TASK OBJECTIVE » Strip out all images, then restate the data verbatim.

DATA SHOWN »
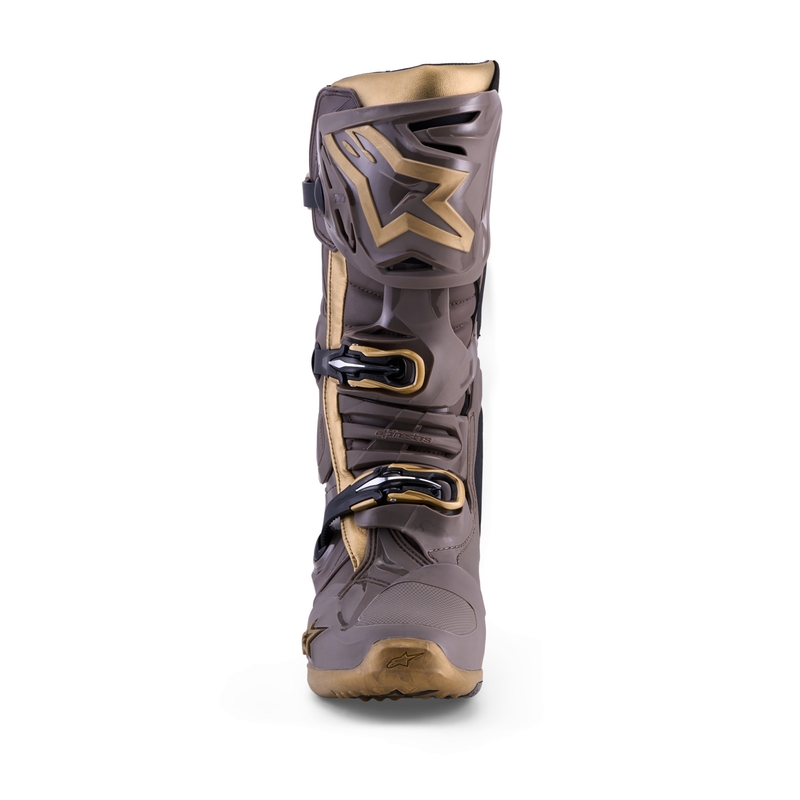 Topánky na motorku Alpinestars TECH 10 limitovaná edícia AIR GOLD hnedo zlaté
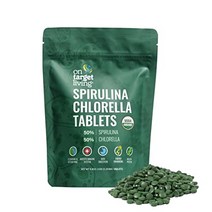 대상 생활 유기농 스피루리나 클로렐라에 | usda 유기농 | 1000정- 250g(8.8oz) | 채식주의자 | 면역 체계 강화 | 알칼리화 | 영양 밀도 | 해독 | 단백질 밀, 250정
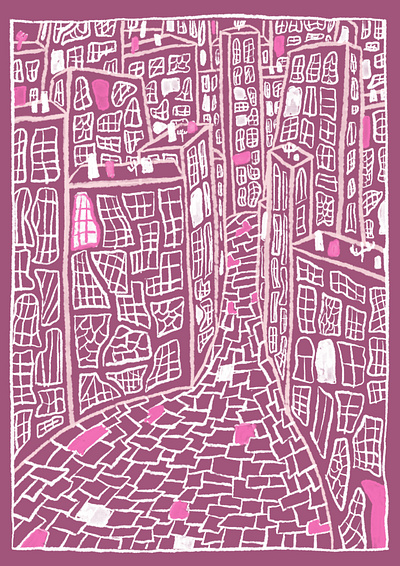 Pink city digitalart illustration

ANSWER TO THIS PROBLEM »
 Topánky na motorku Alpinestars TECH 10 limitovaná edícia AIR GOLD hnedo zlaté
 대상 생활 유기농 스피루리나 클로렐라에 | usda 유기농 | 1000정- 250g(8.8oz) | 채식주의자 | 면역 체계 강화 | 알칼리화 | 영양 밀도 | 해독 | 단백질 밀, 250정
 Pink city digitalart illustration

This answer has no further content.